Peter Carlisle v Linette Reynolds; Carlisle Attorneys Pty Ltd v Linette Reynolds

Case

[2020] NSWSC 639

14 May 2020

No judgment structure available for this case.

Supreme Court


New South Wales

Medium Neutral Citation: Peter Carlisle v Linette Reynolds; Carlisle Attorneys Pty Ltd v Linette Reynolds [2020] NSWSC 639
Hearing dates: 14 May 2020
Date of orders: 14 May 2020
Decision date: 14 May 2020
Jurisdiction:Common Law
Before: Hamill J
Decision:

(1)   The freezing order made on 28 April 2014 is varied so that it is subject to compliance by the Westpac Bank with a garnishee order made on 11 November 2019 in respect of account number [REDACTED] in the name of [REDACTED].
(2)   Parties to pay their own costs.

Catchwords: CIVIL LAW – dispute between solicitor and client – legal costs – judgment entered some years ago – freezing orders made over bank account – judgment remains unsatisfied – garnishee order directing bank to pay funds to judgment creditor – Bank unwilling to comply – where Bank concerned garnishee order does not vacate restraining order – restraining order varied
Category:Principal judgment
Parties: Peter Carlisle (First Plaintiff)
Carlisle Attorneys Pty Ltd (Second Plaintiff)
Linette Reynolds (Defendant)
Representation: Solicitors:
P Carlisle (Plaintiffs)
File Number(s): 2013/00374396
Publication restriction: Nil

EX TEMPORE Judgment (REVISED)

  1. HAMILL J: This is a notice of motion filed on 29 January 2020 in proceedings known as Peter Carlisle (as the first plaintiff) and Carlisle Attorneys Pty Ltd (as the second plaintiff) against Linette Reynolds.

  2. The notice of motion seeks orders in the following terms:

“1. An order that order 3 made by the court on 20 December 2013 be varied to read as follows:

3. An order pending further order that the defendant Linette Reynolds be restrained from disbursing any moneys (a) received in settlement by her of claims made in the Magistrates' Court of New South Wales against Raymond Schaw the sum of $141,741.28; (b) held on deposit with the Westpac Banking Corporation in an account styled in the name of Linette Reynolds or Linette Anne Reynolds except pursuant to order made by the Supreme Court of New South Wales;

2. An order that all moneys standing to the credit of the defendant on deposit with the Westpac Banking Corporation be paid to the plaintiff; and

3. Costs.”

  1. There are a number of complications surrounding the precise nature of the orders sought, not least of which is the fact that the order referred to in the notice of motion, being an order of 20 December 2013, appears to have been superseded by orders made on 28 April 2014. Those orders are as follows:

“1. I note the undertakings and make the orders set out in the short minutes of order.

2. I reserve the question of the plaintiff’s costs of the notice of motion filed on 3rd April 2014.

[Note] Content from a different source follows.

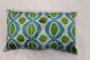 Ikat Pillow No. i137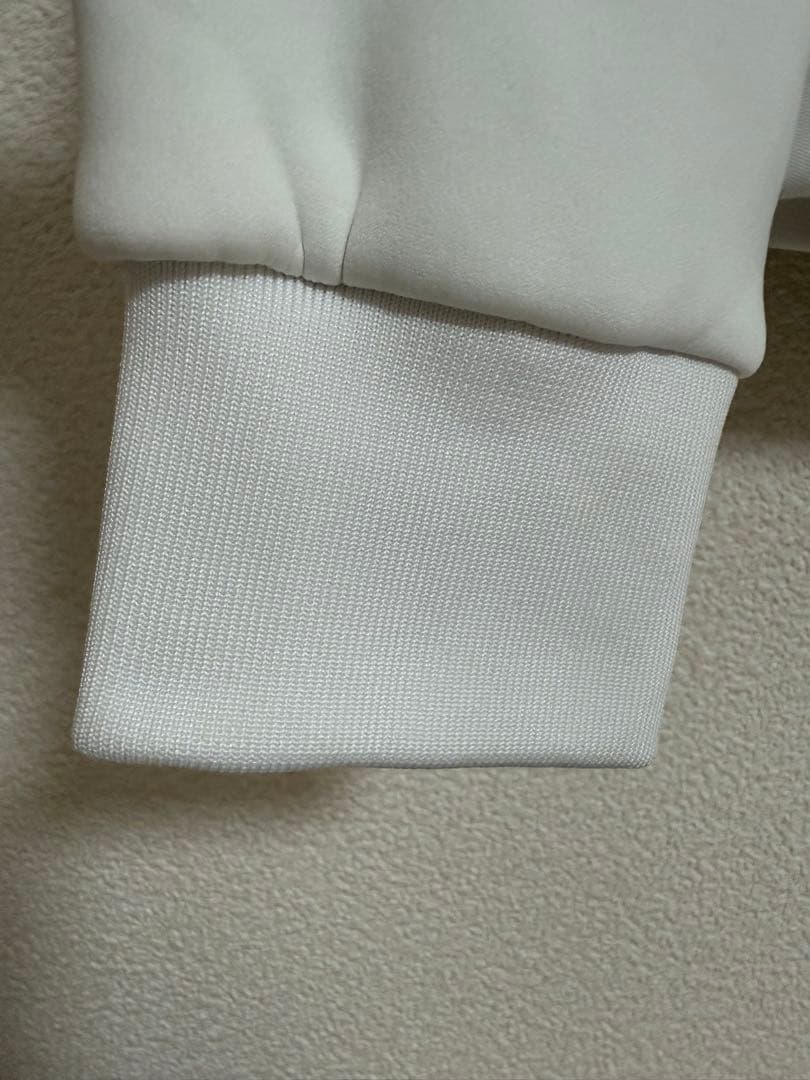 美品*JackBunny!!KARUISHI裏フリースパーカー サイズ2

3. Fix the matter for directions before registrar at 9 a.m. 28th April 2014.

[Short Minutes of Order]

1. The Plaintiffs undertake to submit to such order (if any) as the Court may consider to be just for the payment of compensation (to be assessed by the Court as it may direct) to any person (whether or not a party) affected by the operation of the order.

2. The Second Plaintiff undertakes to file an Application for Assessment of Costs in proceedings number 2013/359435 within seven 7 days.

3. Upon the undertakings provided in Paragraphs 1 and 2 above, an order pending further that the Defendant be restrained and is hereby restrained from withdrawing any funds from, encumbering or otherwise dealing in all monies held or deposited in account no. [REDACTED], being an amount opened in the name of Linette Reynolds with the Westpac Banking Corporation, excepts for funds deposited by Centrelink.

4. An order that the Second Plaintiff file an Application for Assessment of Costs in proceedings number 2013/00374396 within seven (7) days such application and these Minutes of Order to be served at the Defendant’s address for service given in those proceedings.”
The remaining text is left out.